= Beginning of Section =

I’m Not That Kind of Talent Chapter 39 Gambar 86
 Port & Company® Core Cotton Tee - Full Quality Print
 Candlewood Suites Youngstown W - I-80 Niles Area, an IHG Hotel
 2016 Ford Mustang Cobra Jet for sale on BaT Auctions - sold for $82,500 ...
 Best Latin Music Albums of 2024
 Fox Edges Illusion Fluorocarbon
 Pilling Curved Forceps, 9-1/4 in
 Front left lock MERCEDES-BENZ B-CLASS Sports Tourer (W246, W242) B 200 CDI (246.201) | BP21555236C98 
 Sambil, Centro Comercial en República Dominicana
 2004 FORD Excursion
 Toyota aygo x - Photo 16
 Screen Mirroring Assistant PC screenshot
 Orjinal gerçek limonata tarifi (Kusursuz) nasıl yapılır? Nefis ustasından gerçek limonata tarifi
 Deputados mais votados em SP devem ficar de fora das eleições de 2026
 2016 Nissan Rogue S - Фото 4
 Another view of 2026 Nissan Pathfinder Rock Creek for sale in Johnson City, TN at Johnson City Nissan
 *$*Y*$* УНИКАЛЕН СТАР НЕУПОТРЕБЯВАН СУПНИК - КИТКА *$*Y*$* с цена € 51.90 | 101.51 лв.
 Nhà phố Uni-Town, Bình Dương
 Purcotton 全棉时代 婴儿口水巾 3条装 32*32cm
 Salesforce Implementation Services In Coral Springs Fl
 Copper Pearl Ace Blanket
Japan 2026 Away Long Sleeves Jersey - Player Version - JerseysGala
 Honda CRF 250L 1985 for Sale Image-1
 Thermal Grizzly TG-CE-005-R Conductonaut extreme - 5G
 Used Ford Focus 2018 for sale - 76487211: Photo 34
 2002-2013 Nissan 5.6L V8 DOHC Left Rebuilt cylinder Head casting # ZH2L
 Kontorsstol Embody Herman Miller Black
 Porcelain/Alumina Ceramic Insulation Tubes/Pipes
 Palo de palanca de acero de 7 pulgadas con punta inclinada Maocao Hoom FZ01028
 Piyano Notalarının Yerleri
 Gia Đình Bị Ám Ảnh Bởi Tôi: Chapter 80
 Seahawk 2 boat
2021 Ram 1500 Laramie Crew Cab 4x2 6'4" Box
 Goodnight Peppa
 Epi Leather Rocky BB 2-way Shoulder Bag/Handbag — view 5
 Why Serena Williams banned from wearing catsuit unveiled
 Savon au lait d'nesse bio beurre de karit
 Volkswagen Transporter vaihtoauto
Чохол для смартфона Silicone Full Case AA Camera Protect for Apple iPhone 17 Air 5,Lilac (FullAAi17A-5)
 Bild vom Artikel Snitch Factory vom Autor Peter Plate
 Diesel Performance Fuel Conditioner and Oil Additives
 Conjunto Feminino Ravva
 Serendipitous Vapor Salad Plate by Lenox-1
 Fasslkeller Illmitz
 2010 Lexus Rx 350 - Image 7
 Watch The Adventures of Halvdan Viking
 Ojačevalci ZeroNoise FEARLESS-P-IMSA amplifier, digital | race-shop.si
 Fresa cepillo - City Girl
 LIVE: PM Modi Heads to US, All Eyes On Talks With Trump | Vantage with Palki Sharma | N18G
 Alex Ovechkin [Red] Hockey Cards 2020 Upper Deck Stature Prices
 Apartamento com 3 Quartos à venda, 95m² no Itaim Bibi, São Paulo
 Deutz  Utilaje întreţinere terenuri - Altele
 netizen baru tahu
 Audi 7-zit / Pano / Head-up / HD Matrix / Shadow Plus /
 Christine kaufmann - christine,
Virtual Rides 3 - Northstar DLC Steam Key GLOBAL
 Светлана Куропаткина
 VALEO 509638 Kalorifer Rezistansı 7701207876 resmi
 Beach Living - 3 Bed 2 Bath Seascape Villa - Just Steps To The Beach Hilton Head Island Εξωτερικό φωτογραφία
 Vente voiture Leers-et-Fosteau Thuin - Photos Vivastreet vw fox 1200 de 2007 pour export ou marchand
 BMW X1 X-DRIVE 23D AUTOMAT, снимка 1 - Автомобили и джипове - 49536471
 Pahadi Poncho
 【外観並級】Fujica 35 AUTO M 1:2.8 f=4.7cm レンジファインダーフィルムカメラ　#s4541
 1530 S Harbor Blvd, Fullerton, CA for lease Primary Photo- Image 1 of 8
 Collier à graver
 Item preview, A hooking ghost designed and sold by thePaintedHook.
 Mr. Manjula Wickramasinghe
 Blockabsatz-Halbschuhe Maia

= End of Section =

◆ What to work on:
Transcribe every record above exactly.

◆ Final answer:
I’m Not That Kind of Talent Chapter 39 Gambar 86
 Port & Company® Core Cotton Tee - Full Quality Print
 Candlewood Suites Youngstown W - I-80 Niles Area, an IHG Hotel
 2016 Ford Mustang Cobra Jet for sale on BaT Auctions - sold for $82,500 ...
 Best Latin Music Albums of 2024
 Fox Edges Illusion Fluorocarbon
 Pilling Curved Forceps, 9-1/4 in
 Front left lock MERCEDES-BENZ B-CLASS Sports Tourer (W246, W242) B 200 CDI (246.201) | BP21555236C98 
 Sambil, Centro Comercial en República Dominicana
 2004 FORD Excursion
 Toyota aygo x - Photo 16
 Screen Mirroring Assistant PC screenshot
 Orjinal gerçek limonata tarifi (Kusursuz) nasıl yapılır? Nefis ustasından gerçek limonata tarifi
 Deputados mais votados em SP devem ficar de fora das eleições de 2026
 2016 Nissan Rogue S - Фото 4
 Another view of 2026 Nissan Pathfinder Rock Creek for sale in Johnson City, TN at Johnson City Nissan
 *$*Y*$* УНИКАЛЕН СТАР НЕУПОТРЕБЯВАН СУПНИК - КИТКА *$*Y*$* с цена € 51.90 | 101.51 лв.
 Nhà phố Uni-Town, Bình Dương
 Purcotton 全棉时代 婴儿口水巾 3条装 32*32cm
 Salesforce Implementation Services In Coral Springs Fl
 Copper Pearl Ace Blanket
Japan 2026 Away Long Sleeves Jersey - Player Version - JerseysGala
 Honda CRF 250L 1985 for Sale Image-1
 Thermal Grizzly TG-CE-005-R Conductonaut extreme - 5G
 Used Ford Focus 2018 for sale - 76487211: Photo 34
 2002-2013 Nissan 5.6L V8 DOHC Left Rebuilt cylinder Head casting # ZH2L
 Kontorsstol Embody Herman Miller Black
 Porcelain/Alumina Ceramic Insulation Tubes/Pipes
 Palo de palanca de acero de 7 pulgadas con punta inclinada Maocao Hoom FZ01028
 Piyano Notalarının Yerleri
 Gia Đình Bị Ám Ảnh Bởi Tôi: Chapter 80
 Seahawk 2 boat
2021 Ram 1500 Laramie Crew Cab 4x2 6'4" Box
 Goodnight Peppa
 Epi Leather Rocky BB 2-way Shoulder Bag/Handbag — view 5
 Why Serena Williams banned from wearing catsuit unveiled
 Savon au lait d'nesse bio beurre de karit
 Volkswagen Transporter vaihtoauto
Чохол для смартфона Silicone Full Case AA Camera Protect for Apple iPhone 17 Air 5,Lilac (FullAAi17A-5)
 Bild vom Artikel Snitch Factory vom Autor Peter Plate
 Diesel Performance Fuel Conditioner and Oil Additives
 Conjunto Feminino Ravva
 Serendipitous Vapor Salad Plate by Lenox-1
 Fasslkeller Illmitz
 2010 Lexus Rx 350 - Image 7
 Watch The Adventures of Halvdan Viking
 Ojačevalci ZeroNoise FEARLESS-P-IMSA amplifier, digital | race-shop.si
 Fresa cepillo - City Girl
 LIVE: PM Modi Heads to US, All Eyes On Talks With Trump | Vantage with Palki Sharma | N18G
 Alex Ovechkin [Red] Hockey Cards 2020 Upper Deck Stature Prices
 Apartamento com 3 Quartos à venda, 95m² no Itaim Bibi, São Paulo
 Deutz  Utilaje întreţinere terenuri - Altele
 netizen baru tahu
 Audi 7-zit / Pano / Head-up / HD Matrix / Shadow Plus /
 Christine kaufmann - christine,
Virtual Rides 3 - Northstar DLC Steam Key GLOBAL
 Светлана Куропаткина
 VALEO 509638 Kalorifer Rezistansı 7701207876 resmi
 Beach Living - 3 Bed 2 Bath Seascape Villa - Just Steps To The Beach Hilton Head Island Εξωτερικό φωτογραφία
 Vente voiture Leers-et-Fosteau Thuin - Photos Vivastreet vw fox 1200 de 2007 pour export ou marchand
 BMW X1 X-DRIVE 23D AUTOMAT, снимка 1 - Автомобили и джипове - 49536471
 Pahadi Poncho
 【外観並級】Fujica 35 AUTO M 1:2.8 f=4.7cm レンジファインダーフィルムカメラ　#s4541
 1530 S Harbor Blvd, Fullerton, CA for lease Primary Photo- Image 1 of 8
 Collier à graver
 Item preview, A hooking ghost designed and sold by thePaintedHook.
 Mr. Manjula Wickramasinghe
 Blockabsatz-Halbschuhe Maia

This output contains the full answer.